A comienzos de junio de 2020, HBO MAX anunció que quitaría de su catálogo el clásico Lo que el viento se llevó (Gone with the Wind, 1939, Victor Fleming —y George Cukor y varios directores más sin acreditar—), “hasta que se le añada contexto histórico”. El pensamiento políticamente correcto, que también va a quitar las armas de los eternos Looney Tunes —lo que es quitarle el 85% de la gracia—, ha considerado que lo que estaba naturalizado en la época de la Guerra Civil estadounidense —contexto histórico de la original novela de Margaret Mitchell— actualmente no debe exhibirse hasta realizar una nueva edición con los comentarios pertinentes para que el público comprenda que hay cosas que no deberían haber sido. No se trata de una prohibición, sino de una suspensión hasta su lavado de cara. El pensamiento políticamente correcto trata de anular constantemente lo que puede resultar ofensivo a todo conjunto susceptible de ofenderse. Utilizo la palabra “conjunto” ya que este tipo de pensamiento no considera que el ser humano pueda ser un individuo, único y no gregario. También está el delirio mesiánico de “enseñar a todos a pensar correctamente”, obviamente desdeñando y desautorizando cualquier crítica posible.

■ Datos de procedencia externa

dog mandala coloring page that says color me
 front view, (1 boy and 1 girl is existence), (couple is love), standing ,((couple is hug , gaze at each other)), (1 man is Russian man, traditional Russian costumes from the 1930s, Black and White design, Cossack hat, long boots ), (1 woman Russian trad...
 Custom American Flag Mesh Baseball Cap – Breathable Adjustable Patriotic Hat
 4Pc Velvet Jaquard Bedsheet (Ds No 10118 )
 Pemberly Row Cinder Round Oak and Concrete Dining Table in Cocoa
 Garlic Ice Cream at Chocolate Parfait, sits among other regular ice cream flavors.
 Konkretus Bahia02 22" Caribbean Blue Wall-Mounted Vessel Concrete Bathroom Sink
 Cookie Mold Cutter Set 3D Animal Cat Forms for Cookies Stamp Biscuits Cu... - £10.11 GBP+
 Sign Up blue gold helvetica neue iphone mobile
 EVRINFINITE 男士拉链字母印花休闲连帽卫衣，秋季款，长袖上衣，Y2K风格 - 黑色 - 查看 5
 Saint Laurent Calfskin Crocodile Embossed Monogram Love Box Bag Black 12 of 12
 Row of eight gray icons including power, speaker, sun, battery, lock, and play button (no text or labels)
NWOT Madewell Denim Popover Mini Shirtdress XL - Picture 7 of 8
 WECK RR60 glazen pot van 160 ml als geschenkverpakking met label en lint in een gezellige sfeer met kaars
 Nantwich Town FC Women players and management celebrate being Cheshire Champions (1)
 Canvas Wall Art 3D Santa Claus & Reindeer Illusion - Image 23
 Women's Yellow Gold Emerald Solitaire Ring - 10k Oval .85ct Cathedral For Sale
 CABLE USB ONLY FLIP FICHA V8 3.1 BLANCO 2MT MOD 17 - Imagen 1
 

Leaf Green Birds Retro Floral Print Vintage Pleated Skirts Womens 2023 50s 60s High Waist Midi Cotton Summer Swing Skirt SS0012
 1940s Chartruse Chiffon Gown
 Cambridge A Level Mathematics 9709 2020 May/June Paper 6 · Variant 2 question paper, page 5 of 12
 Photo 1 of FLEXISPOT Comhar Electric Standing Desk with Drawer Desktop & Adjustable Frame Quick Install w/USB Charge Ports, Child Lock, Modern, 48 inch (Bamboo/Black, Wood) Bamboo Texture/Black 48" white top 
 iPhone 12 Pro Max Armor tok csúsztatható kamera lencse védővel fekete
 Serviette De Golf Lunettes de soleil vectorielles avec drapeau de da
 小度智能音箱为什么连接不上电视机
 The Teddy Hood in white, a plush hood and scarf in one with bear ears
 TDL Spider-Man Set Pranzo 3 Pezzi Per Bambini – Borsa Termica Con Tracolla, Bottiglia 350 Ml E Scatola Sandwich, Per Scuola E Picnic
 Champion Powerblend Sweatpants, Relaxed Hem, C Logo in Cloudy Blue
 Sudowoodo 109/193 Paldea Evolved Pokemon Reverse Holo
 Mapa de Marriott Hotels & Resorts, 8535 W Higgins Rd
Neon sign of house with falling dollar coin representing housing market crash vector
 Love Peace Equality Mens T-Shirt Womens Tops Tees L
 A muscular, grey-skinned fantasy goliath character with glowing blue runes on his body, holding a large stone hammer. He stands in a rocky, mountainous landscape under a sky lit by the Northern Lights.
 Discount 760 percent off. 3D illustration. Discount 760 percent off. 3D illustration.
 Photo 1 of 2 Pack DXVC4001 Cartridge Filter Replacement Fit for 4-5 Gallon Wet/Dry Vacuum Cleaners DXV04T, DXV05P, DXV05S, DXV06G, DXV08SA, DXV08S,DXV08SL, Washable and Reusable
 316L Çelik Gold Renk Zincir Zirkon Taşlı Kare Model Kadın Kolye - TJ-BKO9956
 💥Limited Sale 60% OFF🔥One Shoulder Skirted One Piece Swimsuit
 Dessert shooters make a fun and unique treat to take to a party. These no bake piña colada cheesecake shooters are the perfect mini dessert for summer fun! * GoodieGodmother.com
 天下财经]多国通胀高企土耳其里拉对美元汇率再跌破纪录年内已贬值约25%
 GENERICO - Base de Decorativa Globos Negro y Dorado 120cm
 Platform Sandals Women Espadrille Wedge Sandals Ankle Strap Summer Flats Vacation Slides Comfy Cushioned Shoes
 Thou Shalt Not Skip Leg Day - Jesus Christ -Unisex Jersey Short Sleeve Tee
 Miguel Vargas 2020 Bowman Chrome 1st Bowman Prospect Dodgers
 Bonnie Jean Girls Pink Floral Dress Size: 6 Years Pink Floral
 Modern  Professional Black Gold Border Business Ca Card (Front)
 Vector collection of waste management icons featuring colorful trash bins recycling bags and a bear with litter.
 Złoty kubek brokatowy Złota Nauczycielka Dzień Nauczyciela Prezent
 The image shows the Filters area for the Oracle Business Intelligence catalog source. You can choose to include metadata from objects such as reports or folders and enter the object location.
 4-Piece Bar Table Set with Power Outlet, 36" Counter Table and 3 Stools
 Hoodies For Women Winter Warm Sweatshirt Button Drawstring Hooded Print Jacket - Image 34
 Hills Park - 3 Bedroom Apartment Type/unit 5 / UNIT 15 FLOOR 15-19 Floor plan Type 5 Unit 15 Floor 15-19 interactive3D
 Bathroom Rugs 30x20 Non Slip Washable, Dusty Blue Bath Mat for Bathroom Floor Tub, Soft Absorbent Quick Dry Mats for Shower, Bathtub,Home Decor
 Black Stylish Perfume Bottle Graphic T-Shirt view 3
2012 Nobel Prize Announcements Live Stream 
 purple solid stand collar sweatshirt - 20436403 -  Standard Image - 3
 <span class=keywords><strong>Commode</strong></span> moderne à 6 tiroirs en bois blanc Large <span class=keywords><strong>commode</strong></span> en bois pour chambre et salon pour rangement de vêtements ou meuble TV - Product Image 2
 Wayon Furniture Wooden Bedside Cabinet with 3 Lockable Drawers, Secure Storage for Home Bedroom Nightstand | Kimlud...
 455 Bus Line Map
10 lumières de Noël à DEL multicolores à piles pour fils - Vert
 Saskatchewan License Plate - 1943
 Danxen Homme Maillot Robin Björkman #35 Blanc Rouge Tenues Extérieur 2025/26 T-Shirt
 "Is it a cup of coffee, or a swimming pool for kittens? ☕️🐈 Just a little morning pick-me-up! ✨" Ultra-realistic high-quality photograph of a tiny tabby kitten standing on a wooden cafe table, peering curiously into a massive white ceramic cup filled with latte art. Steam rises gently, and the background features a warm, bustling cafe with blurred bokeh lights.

El mundo del cine es un termómetro del resto de la sociedad. Un clásico como John Ford, director que entra en la categoría kantiana de “genio creativo” —teniendo en cuenta que el Genio genera reglas para el arte sin percatarse de ello—, es tomado por algunos sectores “biempensantes” como conservador, machista y patotero, entre otras cosas. El objetivo de esta nota es rebatir estos conceptos. Y para ello voy a basarme en una de mis películas favoritas, que es a la vez una de las más atacadas: Más corazón que odio (The searchers, 1956, John Ford).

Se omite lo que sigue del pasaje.